Even today, although high end products of the digital imaging industry use the sensor digitizing HDR images with 10-16 bits for each color channel, display devices using 8-bits for each channel are still the mainstream in the industry. Thus, the standard for HDR image coding providing the backward compatibility with LDR images has caused much interest in the industry. A working group (WG) of the Joint Photographic Experts Group (JPEG) meeting in Paris in 2012 established a JPEG XT standard (ISO/IEC 18477) for the compression of HDR images. Even though JPEG 2000 standard (ISO/IEC 15444) and JPEG XR standard (ISO/IEC 29199) provide HDR image coding specifications, they are not compatible with the legacy JPEG standard (ISO/IEC 10918). For this reason, their usage is reduced in the industry. The JPEG XT standard has emerged to overcome this problem.

Fig. 1 shows the functional block diagram of a JPEG XT encoder. The solid line path shows the flow for providing backward compatibility, which compresses the tone mapped LDR image using the legacy ISO/IEC 10918-1 encoder. The dashed line path shows the flow for producing the error signal between the original HDR image and the tone mapped LDR image.

Fig. 1.Overview of the JPEG XT encoding process

Since the main function of the backward compatible part is the tone mapping operation, it is essential to evaluate the influence of the tone mapping operator (TMO) on the JPEG XT compression performance.

The JPEG XT standard provides three different profiles A, B, and C, based on the method of producing the error signal. Profiles A and B produce the residual image using a division operation between the tone mapped LDR image and the original HDR image. Profile C produces the residual image using a subtraction operation. In addition, the function of the transform block is different for each profile and the information for the transform is saved in the syntax defined in ISO/IEC 18477-3.

Fig. 2 shows the structure of the basic decoding process defined in JPEG XT. Since the base layer delivers the encoded LDR image from the legacy JPEG encoder, this layer becomes the backward compatible part, which can be decoded by the JPEG legacy code stream decoder. The residual layer, which is not processed in the legacy JPEG decoder, delivers the residual error signal with the information including the inverse tone mapping information.
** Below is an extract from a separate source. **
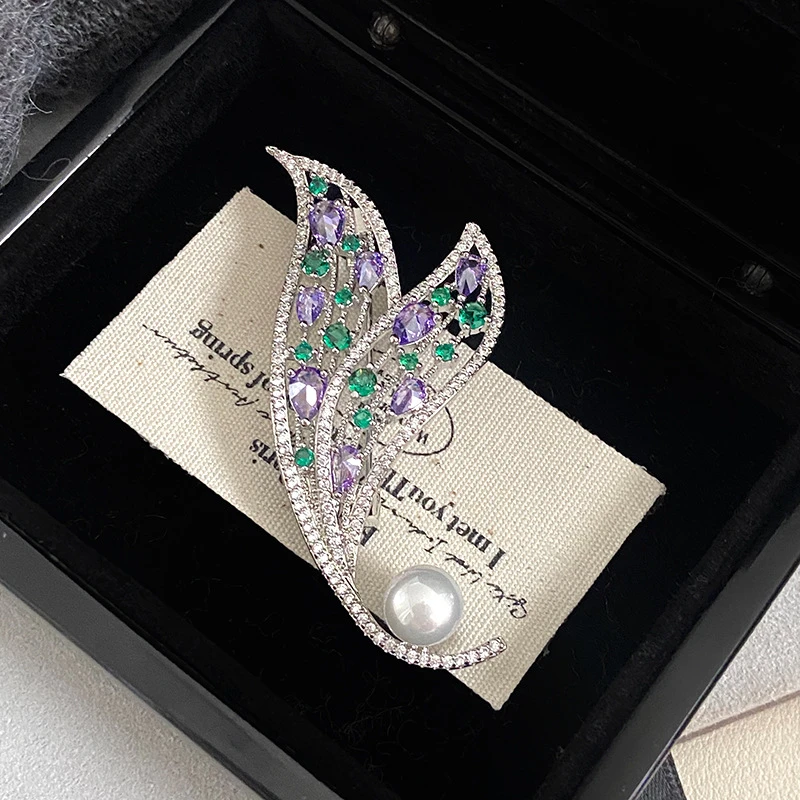 铜合金胸针 【朵韩推荐】-新款轻奢叶子胸针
The JPEG XT decoder reconstructs the final HDR image using de-correlated LDR data and decoded residual error signal data [3].
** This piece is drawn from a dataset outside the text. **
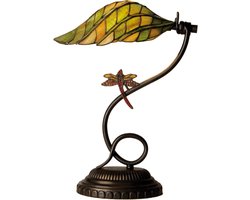 Lumilamp Tiffany Tafellamp Ø 34x45 cm Groen Bruin Glas Libelle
Fig. 2.Overview of the JPEG XT decoding process [3]

In 2013, the JPEG WG determined the verification test procedure and released the demo software in response to the call for proposals [4]. Since the main purpose of the first verification test was not the coding performance comparison of profiles but the examination of whether the proposed profiles are consistent with the requirements, the test was performed by fixing the TMO as the operator proposed by Reinhard et al. [5]. The test result of each profile was measured by the signal to noise ratio (SNR), mean relative square error (MRSE), and High Dynamic Range Visible Difference Predictor (HDR-VDP) 2.0 [6]-[9].

This paper evaluates various TMOs for the JPEG XT profiles. Comparison of TMOs was performed based on two aspects: rate-distortion (R-D, PSNR versus overall bit rate) performance and quality of the tone mapped LDR images. The evaluation was performed using five HDR image datasets and six TMOs. The peak signal to noise ratio (PSNR) was used to evaluate the effect of TMOs on the overall compression performance of JPEG XT profiles A, B, and C. The Tone Mapped image Quality Index (TMQI) and no reference image quality assessment (NR IQA) were used for measuring the LDR image quality.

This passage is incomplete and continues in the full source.